Have you done an s s in robtest to see if anything else is in slot 13?

If so just find an empty slot and do a m d2 s xx and then update the NBU inventory

Hope this helps

GlenG
Level 4

The reply I received in the past from Sun's NetBackup support indicated that NetBackup depends on the O/S for tape access and control.  Have you tried Oracle's support - MOS or MOSC?

I had NetBackup/tape library (SL48 w/LT04's) problems for many months.  NetBackup would fail to talk to the robot.  In the end I believe it was firmware patch to the FC SW that resovled it.

GlenG

Rui_Almeida
Level 2

Hi GlenG,

Our problem is different, because robotic control works just fine but LTO5 drives don´t.

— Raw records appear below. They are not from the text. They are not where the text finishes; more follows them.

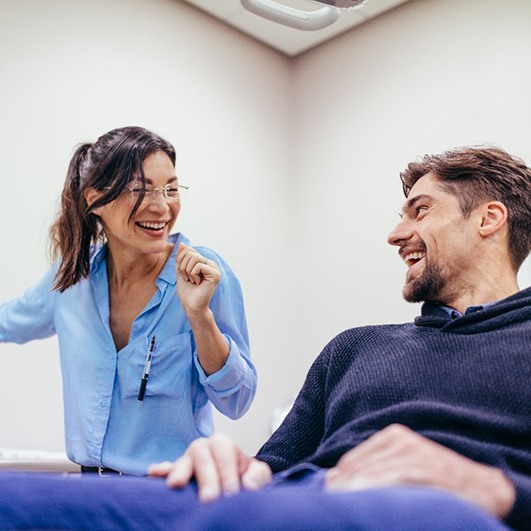 patient asking about dental implants in Barnegat 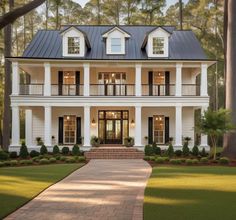 a large white house with black shutters on the front and side windows, surrounded by trees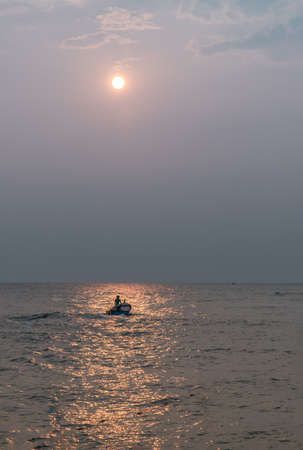 The fisherman and wooden fishing boat used as a vehicle for finding fish in the sea. Selective focus.の写真素材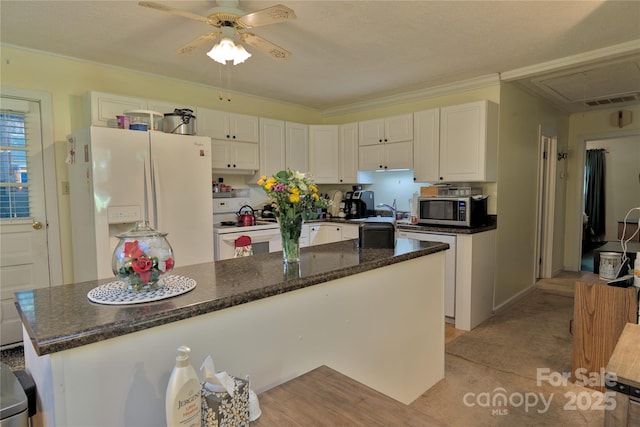 252 Chuckwood Rd, Mooresville, NC 28117 - kitchen with white appliances, white cabinets, ceiling fan, dark stone counters, and a kitchen island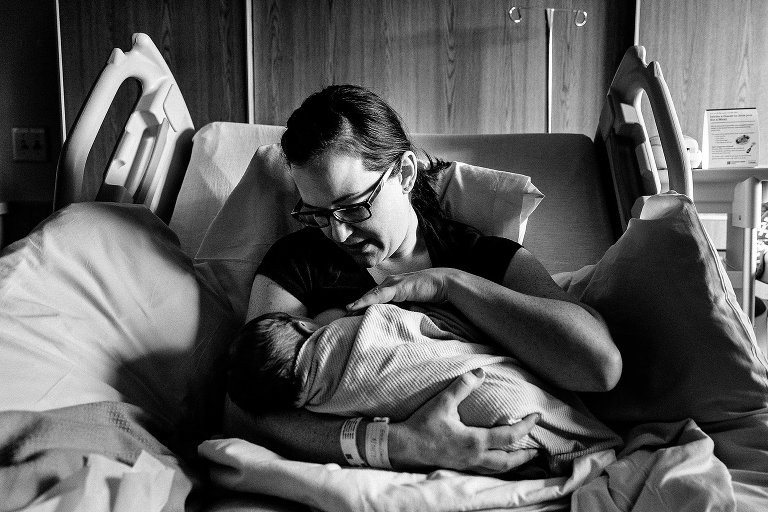 Mother nurses newborn 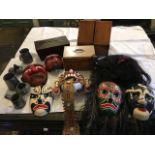Assorted sundries and curiosities, to include various tribal and other face masks and headdress,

Can you tell us more about your FC SW firmware issue? Our FC sw's are brocade 5300, with fabric OS v6.4.0b. We are planning also to apply a more recent fw. Still is not any issue for any other distributions like SLES10/11 and Windows in the same SAN and for the same tape drives, so for me the problem is located in the Solaris 11 or in Ldom Hw...

We already asked IBM about support for LTO5 in Solaris11, but without a definitive conclusion about which drivers can we use (native or IBM driver).

 

GlenG
Level 4

xmaavx,

-> Can you tell us more about your FC SW firmware issue?

I am using Brocade 5000 - I do not know the patch level off hand.  The problems we saw was NetBackup could not see the robot or saw it as busy.  It could happen just about any time of the day or week, but would happen about once every 6 to 10 weeks.  After the SE replaced all the hardware but the case, he suggest it might be a software problem.  Solaris support had me move FC cables send them dumps from the library and tape drives, dumps from the FC sw and of course many explorers.  I updated the drive and library firmware several times - nothing helped.

 

The problems did not stop until I bugged the SE to patch the 5000.  I think it as been about 18 months without problems.  I see errors in the log from time to time but NetBackup seems to understand and keeps on going.

 

Isn't it just amazing how hard it is to get reliable hardware specific info?

 

have a good day,

GlenG

Rui_Almeida
Level 2

Hi GlenG,

Thanks for your input. We will also go for FC switch firmware updates as either.

In this case I found:

Symantec has a tested matrix with Media Servers in Solaris11 with IBM LTO5...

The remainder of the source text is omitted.